To start with, this brief, brilliant, bold and balanced judgment authored by Justice Vineet Saran for a Bench of Apex Court comprising of himself and Justice Uday Umesh Lalit sets the ball rolling by first and foremost putting forth in para 2 that, “The appellant, who joined as a judicial officer in 2013, having been discharged from service in the year 2016, filed a Writ Petition in the Rajasthan High Court, which was dismissed by the impugned judgment dated 21.10.2019 passed by a Division Bench of the High Court. Aggrieved by the same, this appeal has been filed by way of this Special Leave Petition.”

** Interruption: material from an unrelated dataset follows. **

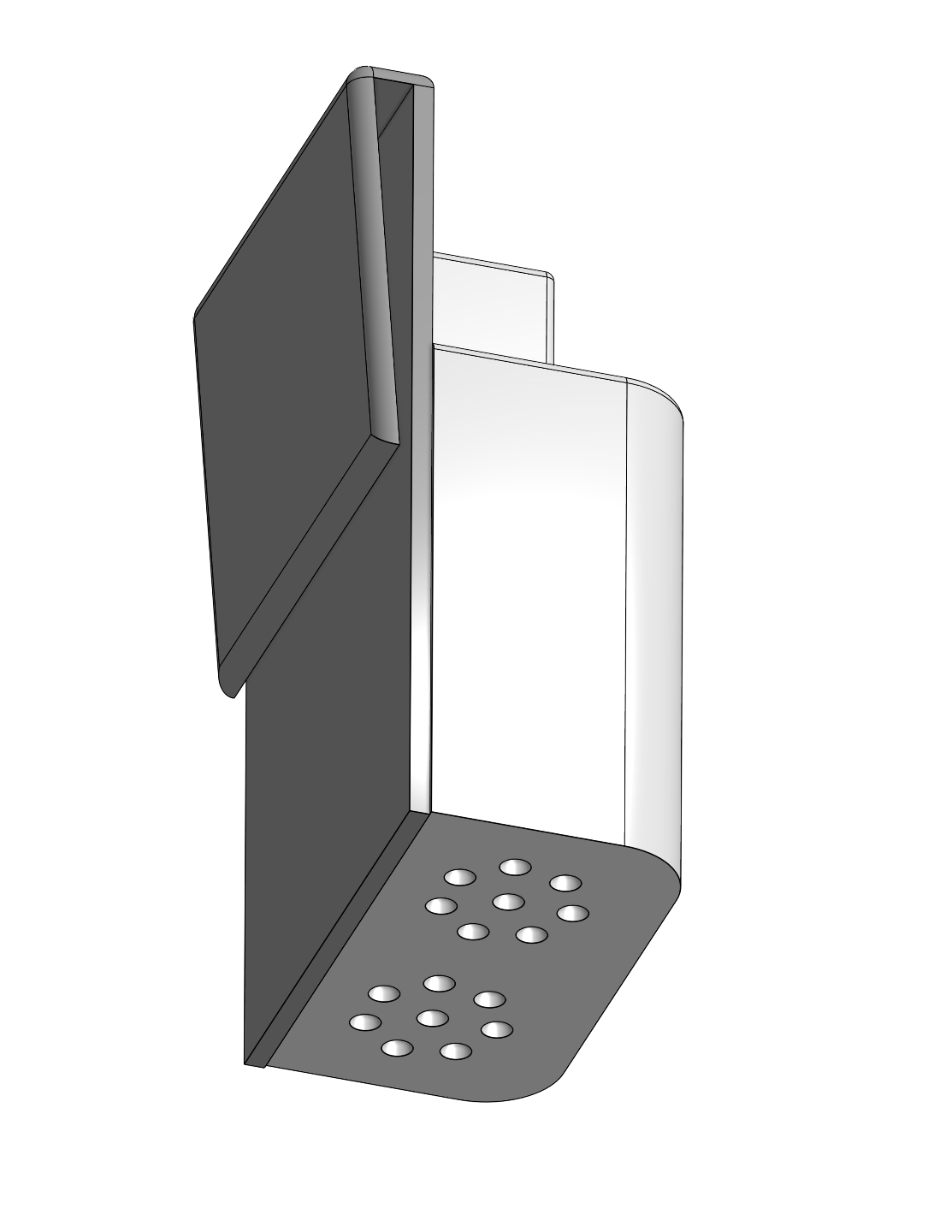 Toothbrush holder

To put things in perspective, the Bench then envisages in para 3 that, “Brief facts relevant for the purpose of the present case are that a notification inviting applications for District Judge Examination, 2013 was issued on 19.07.2011. The selection was to be made from amongst the candidates of Advocates’ Quota under the Rajasthan Judicial Services Rules, 2010 (for short ‘RJS Rules’). In the said examination, the result of which was declared on 25.05.2013, the appellant stood first. On 15.07.2013, the appellant was appointed to the post of Additional District Judge under Rule 43 of the RJS Rules read with Article 233(1) of the Constitution of India and as per the Rule 44 of RJS Rules, the appellant was to be on probation for a period of 2 years. By an order dated 16.07.2013, the appellant was posted as an Additional District & Sessions Judge No.2, Bharatpur, on which post he joined on 18.07.2013. Then on 05.05.2014, the appellant was posted as Presiding Officer, Labour and Industrial Tribunal, Bharatpur, on which post he joined on 06.05.2014. He was thereafter, by an order dated 24.02.2015, appointed as Sessions Judge, AntiCorruption Department (ACD), Bharatpur, on which post he joined on 25.02.2015.”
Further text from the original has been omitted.